**What the exercise asks**
If the records below hold pictures, omit them, and print exactly the lines from the first line through the line containing "Understandings in Cytogenetic", inclusive.

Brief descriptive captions

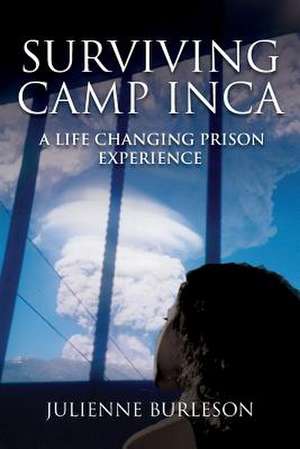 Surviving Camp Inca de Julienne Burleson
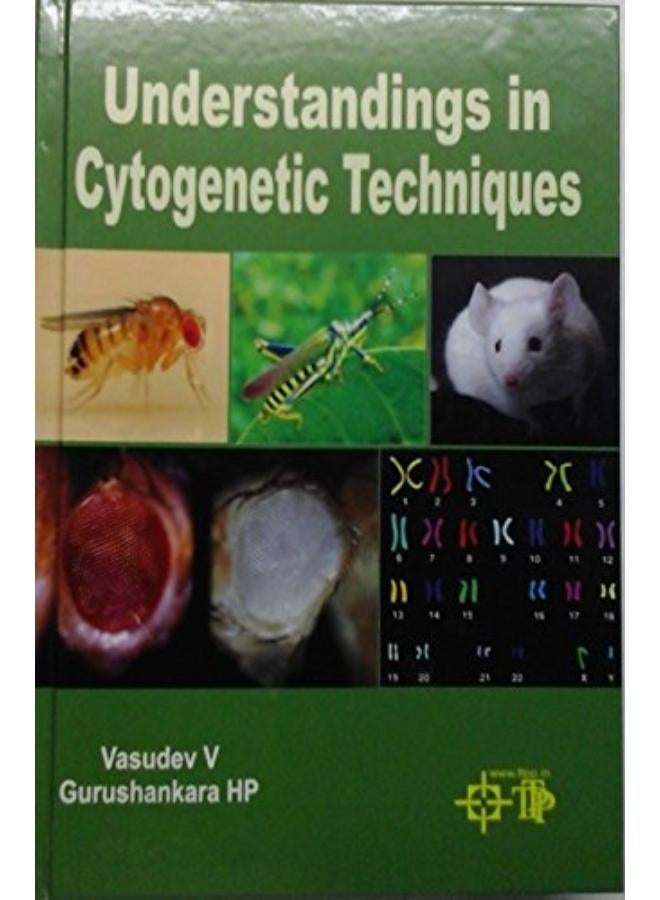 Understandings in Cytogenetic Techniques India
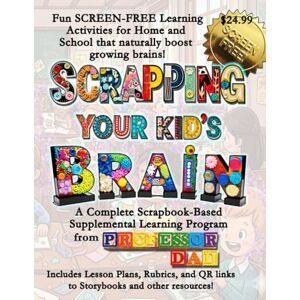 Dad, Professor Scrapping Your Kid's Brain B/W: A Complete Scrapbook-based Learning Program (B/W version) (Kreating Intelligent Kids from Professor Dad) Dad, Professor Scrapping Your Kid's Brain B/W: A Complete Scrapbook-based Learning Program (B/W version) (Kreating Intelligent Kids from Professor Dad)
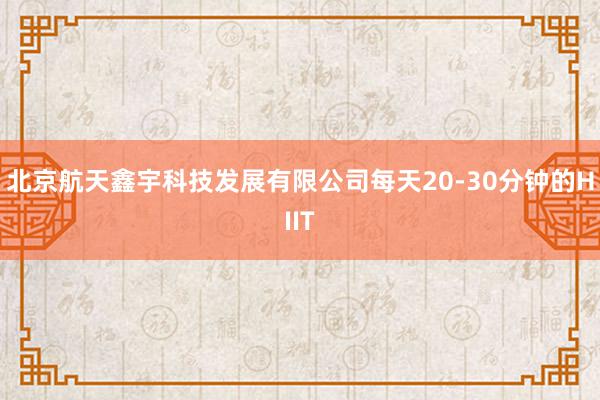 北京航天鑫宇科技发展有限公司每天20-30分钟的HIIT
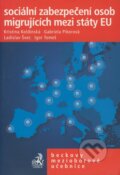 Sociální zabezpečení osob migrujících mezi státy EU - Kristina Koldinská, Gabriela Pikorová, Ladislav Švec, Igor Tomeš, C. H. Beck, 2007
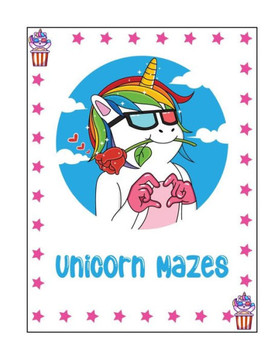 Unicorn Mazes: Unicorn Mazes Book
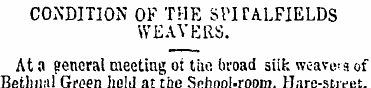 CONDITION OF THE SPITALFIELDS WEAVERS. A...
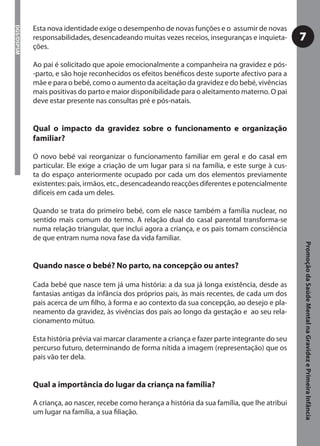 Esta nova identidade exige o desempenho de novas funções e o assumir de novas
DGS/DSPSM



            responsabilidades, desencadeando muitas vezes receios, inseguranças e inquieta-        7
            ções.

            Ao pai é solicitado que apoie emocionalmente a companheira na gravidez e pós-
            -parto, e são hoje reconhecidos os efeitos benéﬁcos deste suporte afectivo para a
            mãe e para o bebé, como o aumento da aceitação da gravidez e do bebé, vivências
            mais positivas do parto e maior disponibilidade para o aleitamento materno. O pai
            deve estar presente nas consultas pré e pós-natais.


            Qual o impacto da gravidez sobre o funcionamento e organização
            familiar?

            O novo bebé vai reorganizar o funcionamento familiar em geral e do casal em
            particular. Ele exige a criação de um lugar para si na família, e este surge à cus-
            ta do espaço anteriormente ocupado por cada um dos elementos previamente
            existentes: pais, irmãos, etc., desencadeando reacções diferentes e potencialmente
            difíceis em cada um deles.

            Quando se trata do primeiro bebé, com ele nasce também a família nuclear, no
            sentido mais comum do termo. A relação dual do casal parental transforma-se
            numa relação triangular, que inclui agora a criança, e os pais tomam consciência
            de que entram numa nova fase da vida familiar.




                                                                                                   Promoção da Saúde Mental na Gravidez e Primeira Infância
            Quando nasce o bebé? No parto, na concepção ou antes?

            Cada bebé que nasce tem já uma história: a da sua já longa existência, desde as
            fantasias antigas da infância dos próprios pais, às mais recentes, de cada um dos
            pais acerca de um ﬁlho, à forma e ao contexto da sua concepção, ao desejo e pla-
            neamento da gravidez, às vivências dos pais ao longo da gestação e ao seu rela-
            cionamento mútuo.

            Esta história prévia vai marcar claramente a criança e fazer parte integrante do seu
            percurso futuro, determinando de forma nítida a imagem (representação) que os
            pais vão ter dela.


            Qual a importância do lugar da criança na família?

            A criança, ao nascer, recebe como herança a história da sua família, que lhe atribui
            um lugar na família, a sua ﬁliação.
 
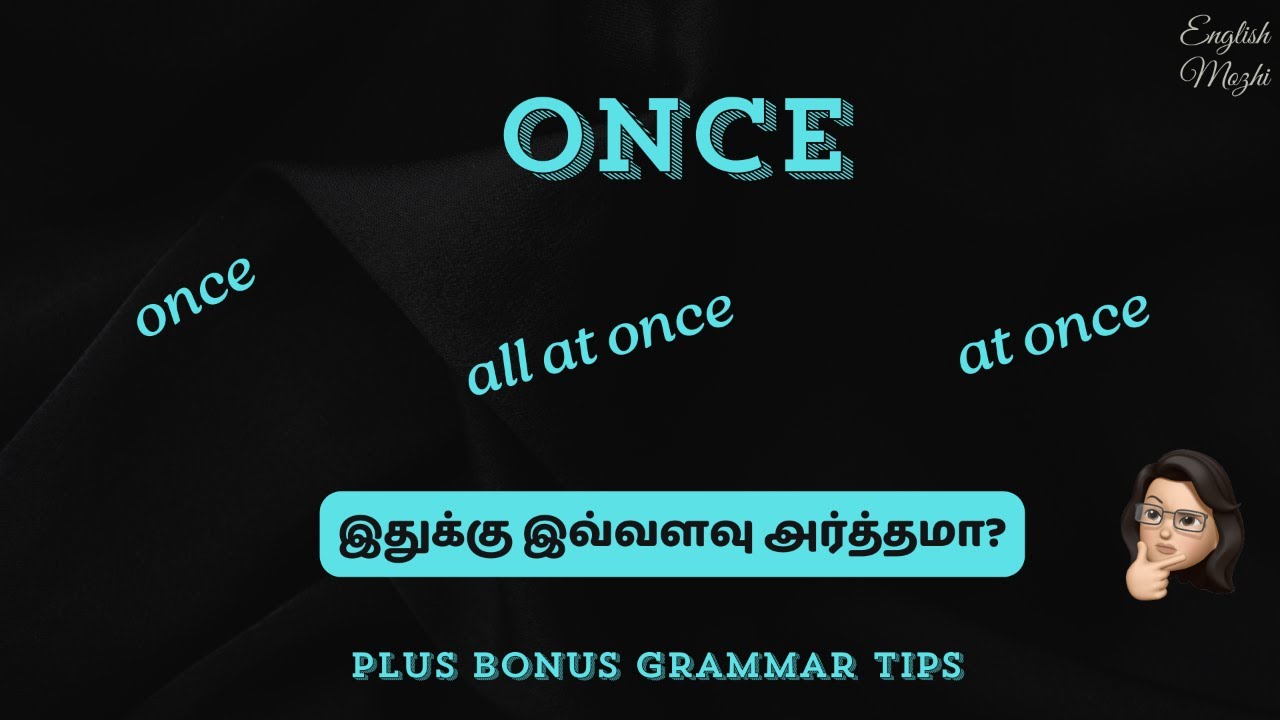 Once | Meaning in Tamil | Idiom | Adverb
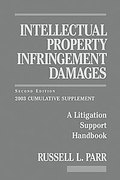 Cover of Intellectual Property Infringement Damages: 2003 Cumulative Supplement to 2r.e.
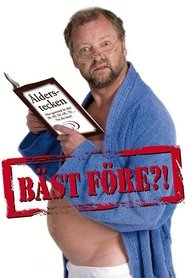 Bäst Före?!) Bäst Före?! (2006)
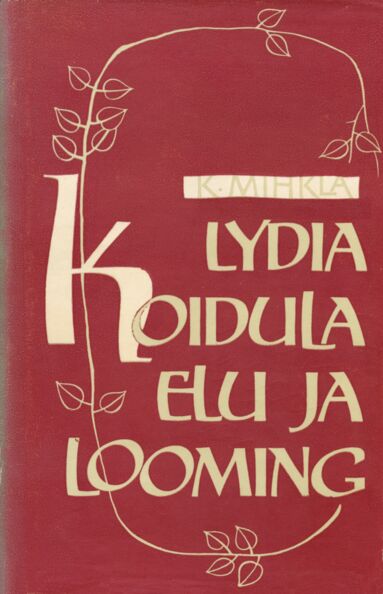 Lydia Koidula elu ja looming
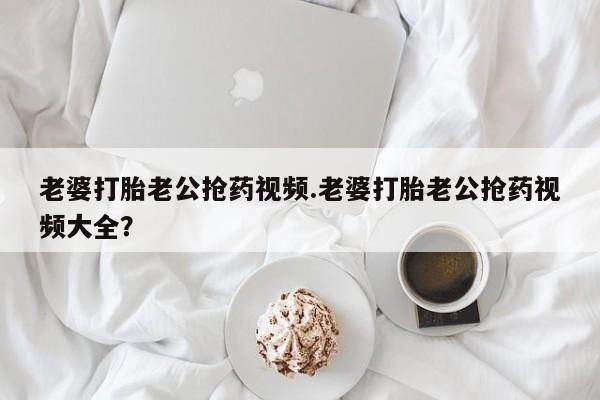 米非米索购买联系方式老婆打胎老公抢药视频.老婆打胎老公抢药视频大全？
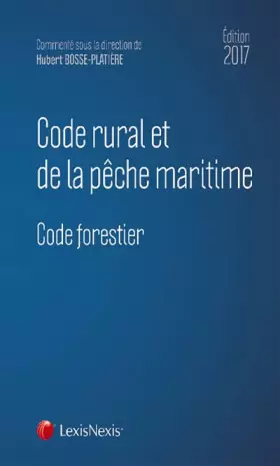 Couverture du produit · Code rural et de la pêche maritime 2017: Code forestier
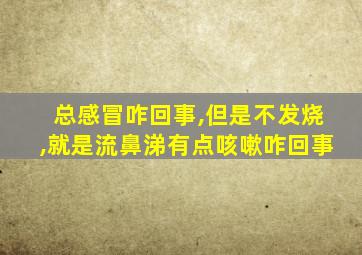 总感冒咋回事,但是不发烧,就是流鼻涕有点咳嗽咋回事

**Completed task**
 Surviving Camp Inca de Julienne Burleson
 Understandings in Cytogenetic Techniques India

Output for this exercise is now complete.